Transcribe, starting at the line with "full bathroom featuring" and ending at the line with "Sri Lanka's Dilruwan", every line of the material below exactly, but leave out the pictures and anything outside that span.

▶ _Supplied material_:
━━━━━━

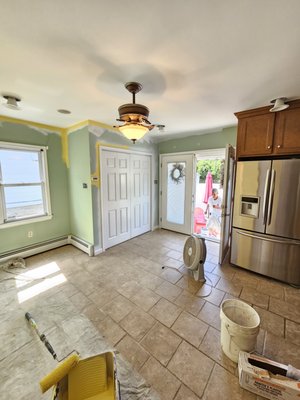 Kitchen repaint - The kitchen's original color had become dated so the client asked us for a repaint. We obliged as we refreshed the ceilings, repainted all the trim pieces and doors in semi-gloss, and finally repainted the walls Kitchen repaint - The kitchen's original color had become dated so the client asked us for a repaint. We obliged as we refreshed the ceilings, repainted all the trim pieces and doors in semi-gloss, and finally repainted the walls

━━━━━━

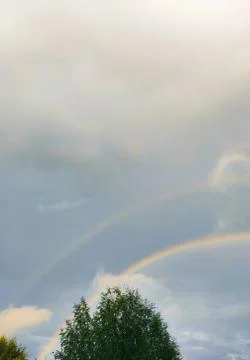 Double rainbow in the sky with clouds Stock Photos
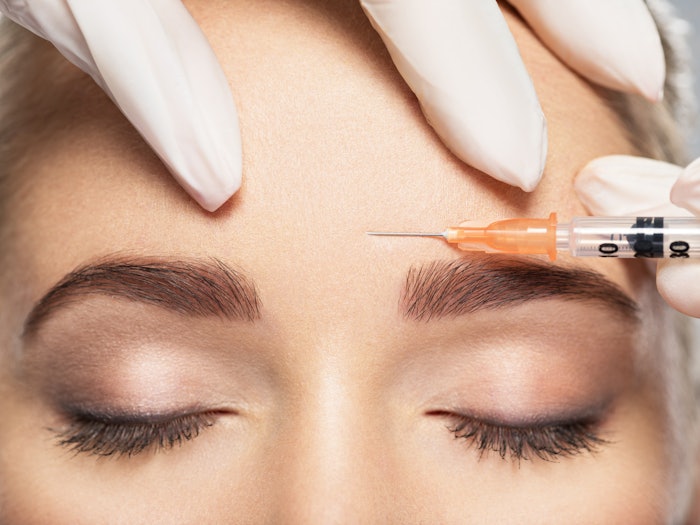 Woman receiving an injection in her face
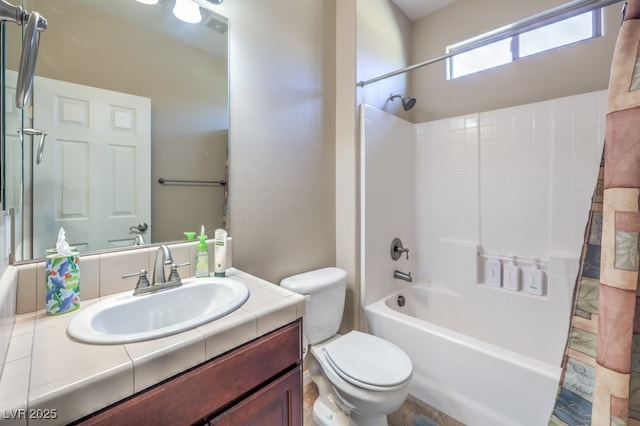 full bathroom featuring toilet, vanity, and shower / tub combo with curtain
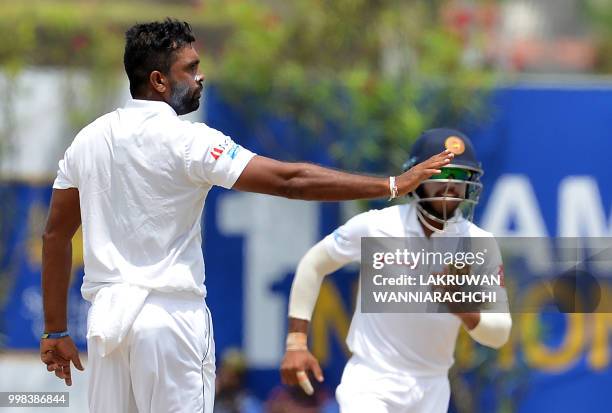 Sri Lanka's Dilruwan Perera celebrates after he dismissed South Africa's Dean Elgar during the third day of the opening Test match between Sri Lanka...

━━━━━━

▶ _Solution for this task_:
 full bathroom featuring toilet, vanity, and shower / tub combo with curtain
 Sri Lanka's Dilruwan Perera celebrates after he dismissed South Africa's Dean Elgar during the third day of the opening Test match between Sri Lanka...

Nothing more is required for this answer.